Source records
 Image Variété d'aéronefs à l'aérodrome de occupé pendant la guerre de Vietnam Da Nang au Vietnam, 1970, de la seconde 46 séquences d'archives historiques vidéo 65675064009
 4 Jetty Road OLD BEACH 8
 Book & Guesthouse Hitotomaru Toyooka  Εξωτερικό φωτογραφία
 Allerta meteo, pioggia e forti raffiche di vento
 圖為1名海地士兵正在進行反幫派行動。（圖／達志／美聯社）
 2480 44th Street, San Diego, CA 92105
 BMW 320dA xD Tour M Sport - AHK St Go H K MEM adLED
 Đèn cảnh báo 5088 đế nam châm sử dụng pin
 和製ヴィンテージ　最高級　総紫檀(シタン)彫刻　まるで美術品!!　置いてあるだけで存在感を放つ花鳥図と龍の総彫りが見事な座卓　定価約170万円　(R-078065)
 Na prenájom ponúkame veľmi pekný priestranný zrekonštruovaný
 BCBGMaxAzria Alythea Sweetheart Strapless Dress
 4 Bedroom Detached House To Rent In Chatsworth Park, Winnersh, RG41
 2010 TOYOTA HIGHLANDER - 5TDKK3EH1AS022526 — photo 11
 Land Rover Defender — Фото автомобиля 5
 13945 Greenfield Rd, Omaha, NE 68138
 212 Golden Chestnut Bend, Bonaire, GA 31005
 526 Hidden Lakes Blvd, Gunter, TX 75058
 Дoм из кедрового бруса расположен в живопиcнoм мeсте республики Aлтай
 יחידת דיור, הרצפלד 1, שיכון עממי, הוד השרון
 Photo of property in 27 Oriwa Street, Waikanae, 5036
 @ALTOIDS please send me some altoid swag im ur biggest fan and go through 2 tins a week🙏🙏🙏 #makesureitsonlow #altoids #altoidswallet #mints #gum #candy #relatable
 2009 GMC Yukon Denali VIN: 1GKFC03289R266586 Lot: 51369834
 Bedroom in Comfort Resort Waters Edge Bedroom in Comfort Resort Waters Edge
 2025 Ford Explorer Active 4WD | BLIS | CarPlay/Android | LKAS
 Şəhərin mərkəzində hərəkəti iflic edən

#### DESCRIPTION OF THE TASK:
Retype the records above exactly.

#### WORKED SOLUTION:
 Image Variété d'aéronefs à l'aérodrome de occupé pendant la guerre de Vietnam Da Nang au Vietnam, 1970, de la seconde 46 séquences d'archives historiques vidéo 65675064009
 4 Jetty Road OLD BEACH 8
 Book & Guesthouse Hitotomaru Toyooka  Εξωτερικό φωτογραφία
 Allerta meteo, pioggia e forti raffiche di vento
 圖為1名海地士兵正在進行反幫派行動。（圖／達志／美聯社）
 2480 44th Street, San Diego, CA 92105
 BMW 320dA xD Tour M Sport - AHK St Go H K MEM adLED
 Đèn cảnh báo 5088 đế nam châm sử dụng pin
 和製ヴィンテージ　最高級　総紫檀(シタン)彫刻　まるで美術品!!　置いてあるだけで存在感を放つ花鳥図と龍の総彫りが見事な座卓　定価約170万円　(R-078065)
 Na prenájom ponúkame veľmi pekný priestranný zrekonštruovaný
 BCBGMaxAzria Alythea Sweetheart Strapless Dress
 4 Bedroom Detached House To Rent In Chatsworth Park, Winnersh, RG41
 2010 TOYOTA HIGHLANDER - 5TDKK3EH1AS022526 — photo 11
 Land Rover Defender — Фото автомобиля 5
 13945 Greenfield Rd, Omaha, NE 68138
 212 Golden Chestnut Bend, Bonaire, GA 31005
 526 Hidden Lakes Blvd, Gunter, TX 75058
 Дoм из кедрового бруса расположен в живопиcнoм мeсте республики Aлтай
 יחידת דיור, הרצפלד 1, שיכון עממי, הוד השרון
 Photo of property in 27 Oriwa Street, Waikanae, 5036
 @ALTOIDS please send me some altoid swag im ur biggest fan and go through 2 tins a week🙏🙏🙏 #makesureitsonlow #altoids #altoidswallet #mints #gum #candy #relatable
 2009 GMC Yukon Denali VIN: 1GKFC03289R266586 Lot: 51369834
 Bedroom in Comfort Resort Waters Edge Bedroom in Comfort Resort Waters Edge
 2025 Ford Explorer Active 4WD | BLIS | CarPlay/Android | LKAS
 Şəhərin mərkəzində hərəkəti iflic edən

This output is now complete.